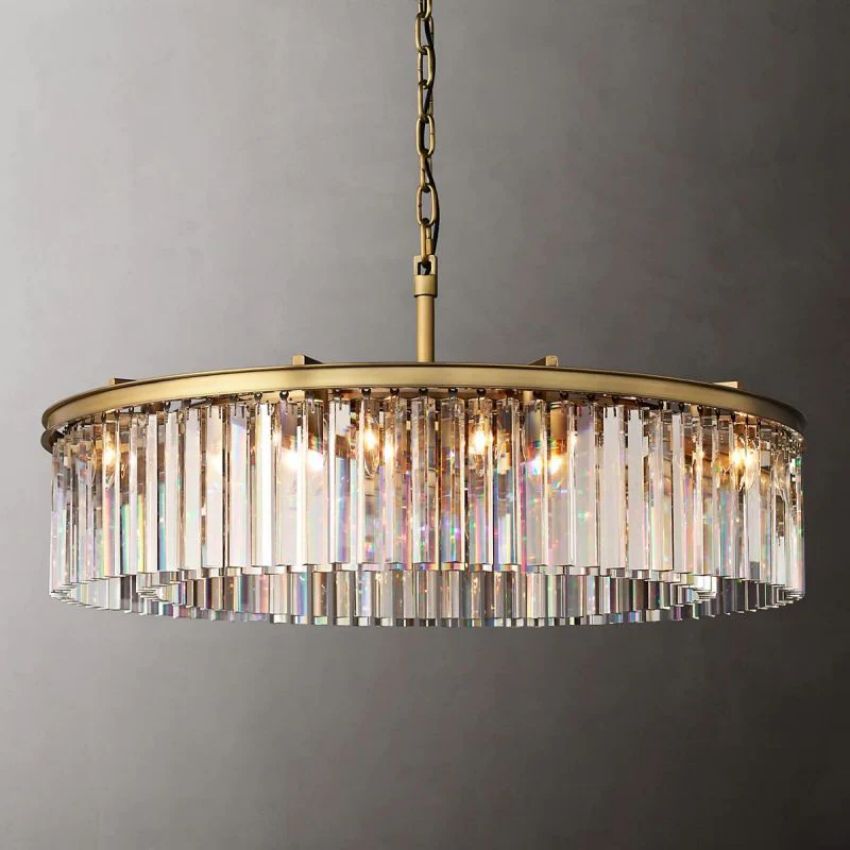 French Classicm  Round Chandelier 32"D/43"D,Art Deco Chandelier,1920s Odeon Chandelier
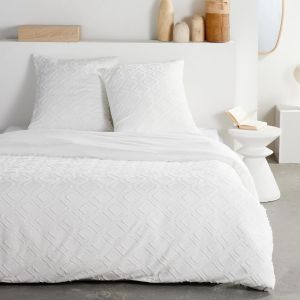 Today Housse De Couette Tod3574641307509 220x240 Cm Blanc Motif Losanges Tuft&eacute;s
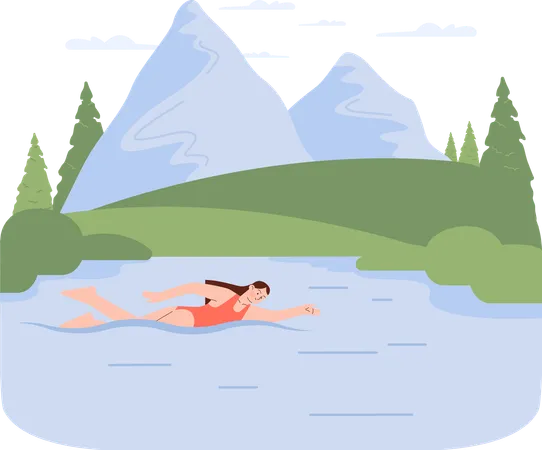 Woman swims in lake  Illustration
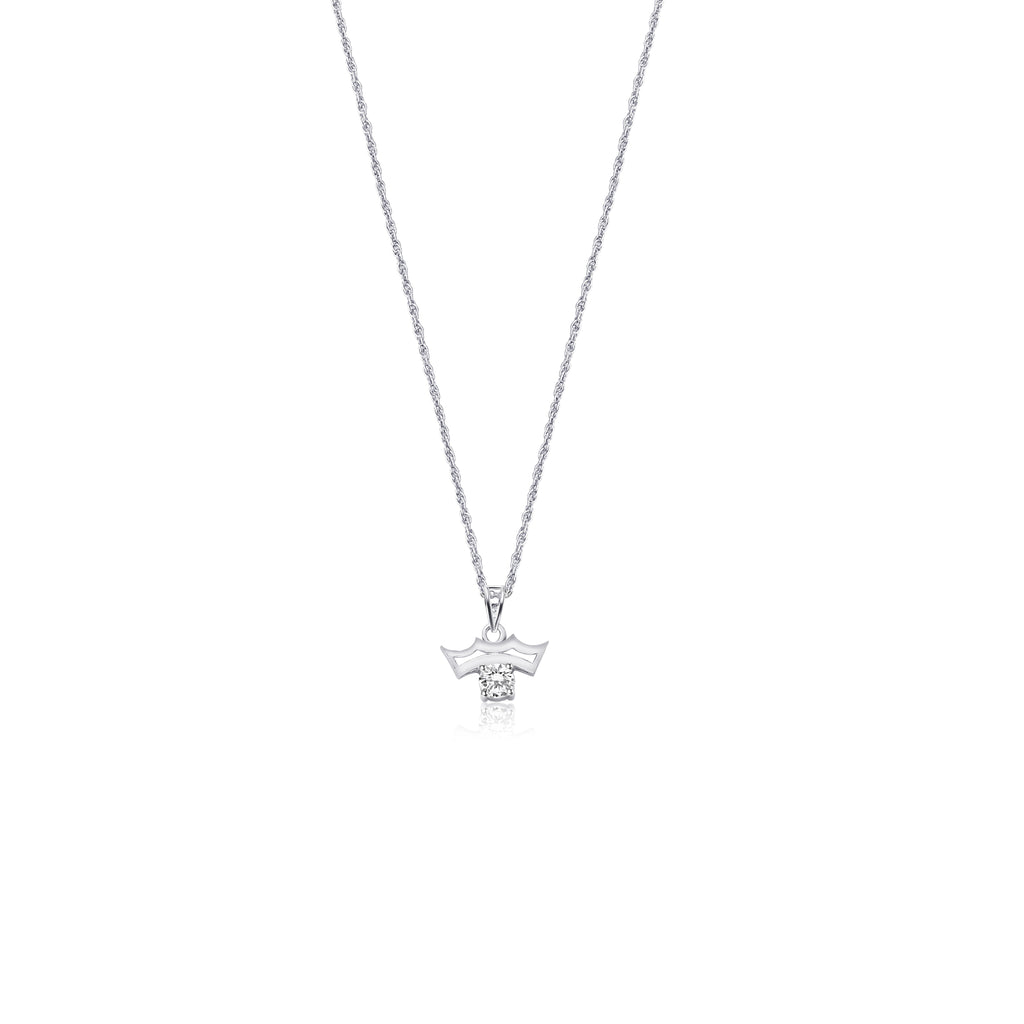 OLLUU Silver Princess Crown Necklace | Sterling Silver CZ Pendant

□ □ □ □

• Task prompt: Word for word, restate the lines from the one containing "Woman swims in" through the end of the listing, and nothing more. Skip the pictures.

• Answer:
 Woman swims in lake  Illustration
 OLLUU Silver Princess Crown Necklace | Sterling Silver CZ Pendant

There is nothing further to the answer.